BOESSENECKER: He was mixed-race. He grew up under the Mexican flag. His great-grandfather and grandfather were among the founders of the State of California. They came here in 1776 with the de Anza expedition.  His life mirrors the rise and fall of the Californios.

And by Californios, he means the original Spanish settlers. The Vasquez family wasn’t wealthy, despite their early arrival in Monterey. Like most Californios, they worked the land. And any family can have its black sheep. That was Tiburcio.

BOESSENECKER: He got mixed up in drinking, gambling, horse racing. He opened up a fandango hall, which would be a dance hall, and associated with the roughest element of Monterey.

These somewhat legitimate businesses didn’t work out, so Vasquez found other ways to “acquire funds.” He would gather some cowboys…

BOESSENECKER: …And they would go and commit a robbery: a stage coach robbery, a store robbery, maybe even a burglary. And they’d divide up the spoils. And then they’d split up and go their own separate ways.

Vasquez was an outlaw, but he had little else in common with the thugs of today. Gang members of the mid-1800s respected his organizational skills, as well as his refined ability to charm the ladies.

BOESSENECKER: Even today, many men admire men who get good lookin’ women, and that was Vasquez, he got good lookin’ women. And so he was admired for that, plus his intelligence. He was a natural leader of men. All of the bandit raids he was involved in, he planned them.

The stylish bandito was aware that he was becoming a legend, despite admitting that his was “a sad life.” Many remaining Californios began to see him as their avenger against the endless tide of miners and settlers arriving during the Gold Rush.

BOESSENECKER: They saw him as somebody who was striking out against the Anglos, who had stolen their land, and their heritage. Many Latinos today see him as a folk hero, as a Robin Hood character. Of course he wasn’t. But what’s important about him is that people think he was because when people are oppressed, as Latinos were in the 19th Century, they’ll grasp at anything that gives them hope – even if it’s a notorious outlaw.

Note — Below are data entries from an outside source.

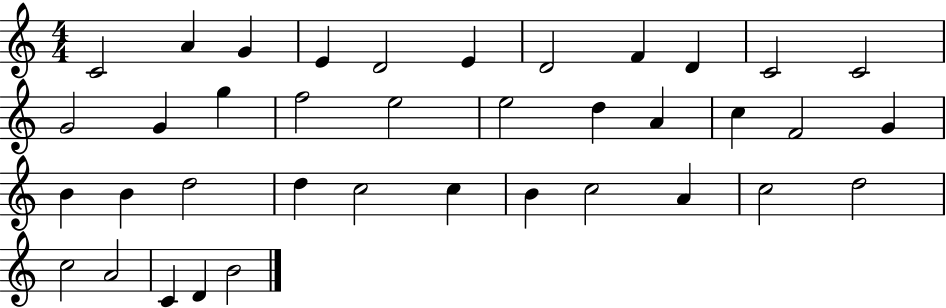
C4/h A4/q G4/q E4/q D4/h E4/q D4/h F4/q D4/q C4/h C4/h G4/h G4/q G5/q F5/h E5/h E5/h D5/q A4/q C5/q F4/h G4/q B4/q B4/q D5/h D5/q C5/h C5/q B4/q C5/h A4/q C5/h D5/h C5/h A4/h C4/q D4/q B4/h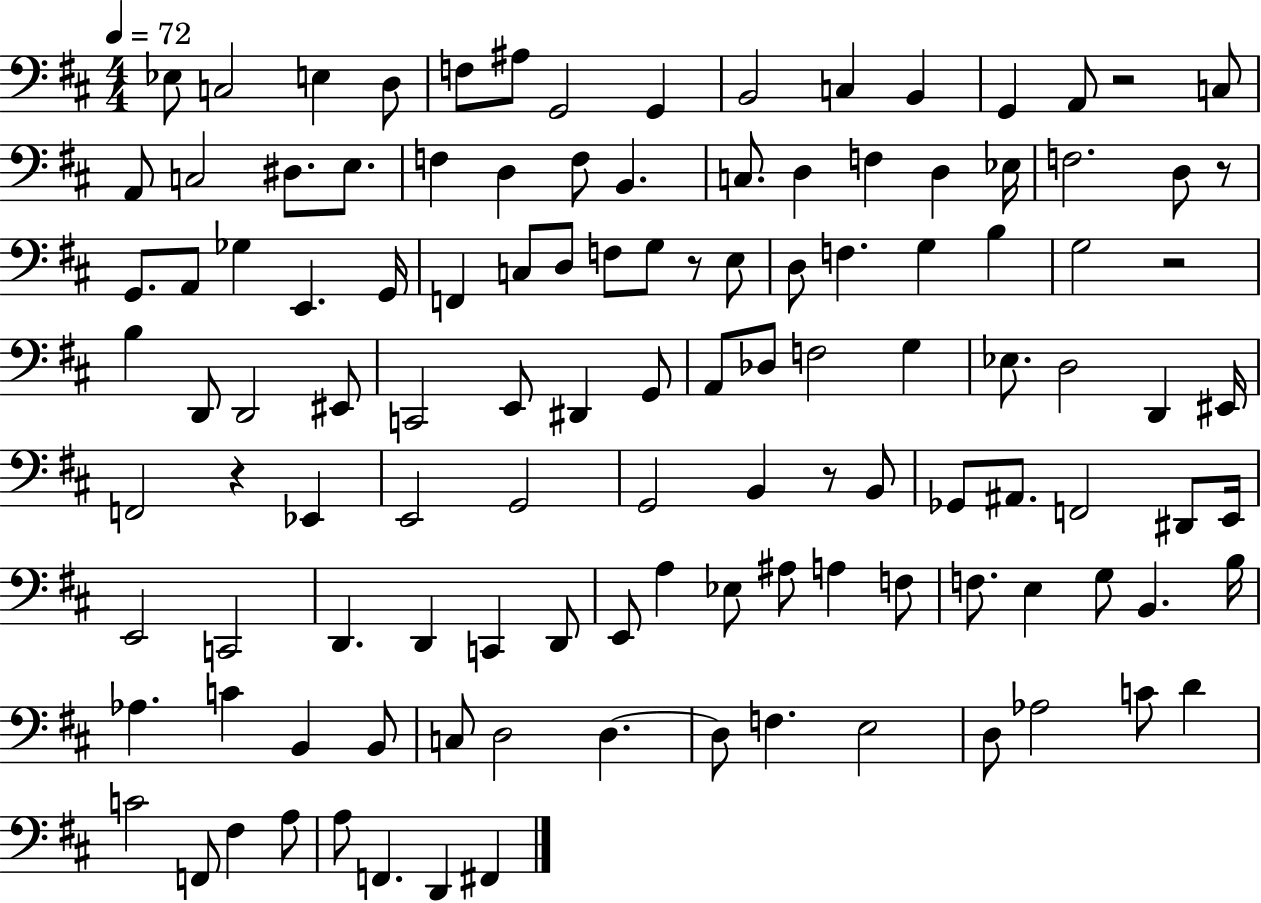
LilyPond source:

{
  \clef bass
  \numericTimeSignature
  \time 4/4
  \key d \major
  \tempo 4 = 72
  \repeat volta 2 { ees8 c2 e4 d8 | f8 ais8 g,2 g,4 | b,2 c4 b,4 | g,4 a,8 r2 c8 | \break a,8 c2 dis8. e8. | f4 d4 f8 b,4. | c8. d4 f4 d4 ees16 | f2. d8 r8 | \break g,8. a,8 ges4 e,4. g,16 | f,4 c8 d8 f8 g8 r8 e8 | d8 f4. g4 b4 | g2 r2 | \break b4 d,8 d,2 eis,8 | c,2 e,8 dis,4 g,8 | a,8 des8 f2 g4 | ees8. d2 d,4 eis,16 | \break f,2 r4 ees,4 | e,2 g,2 | g,2 b,4 r8 b,8 | ges,8 ais,8. f,2 dis,8 e,16 | \break e,2 c,2 | d,4. d,4 c,4 d,8 | e,8 a4 ees8 ais8 a4 f8 | f8. e4 g8 b,4. b16 | \break aes4. c'4 b,4 b,8 | c8 d2 d4.~~ | d8 f4. e2 | d8 aes2 c'8 d'4 | \break c'2 f,8 fis4 a8 | a8 f,4. d,4 fis,4 | } \bar "|."
}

Vasquez is supposed to have said that if he had enough money, he could head a revolution against the Americans. But none of his activities ever included such plans.

If he were here today, Bosenecker says, the bandido would be happy to see the growing influence of Hispanic culture in California....

BOESSENECKER: That would please Vasquez immensely.

...And the outlaw might also smile to find that his name lives on in many landmarks around the state – including Vasquez High School, where the mascot, appropriately enough, is a mustang: the handsome, untamed, mixed-breed horse of the American West.

In San Francisco, I’m Steven Short for Crosscurrents.

Bandido earned John Boessenecker the Best Nonfiction Writer award for 2010, from True West magazine.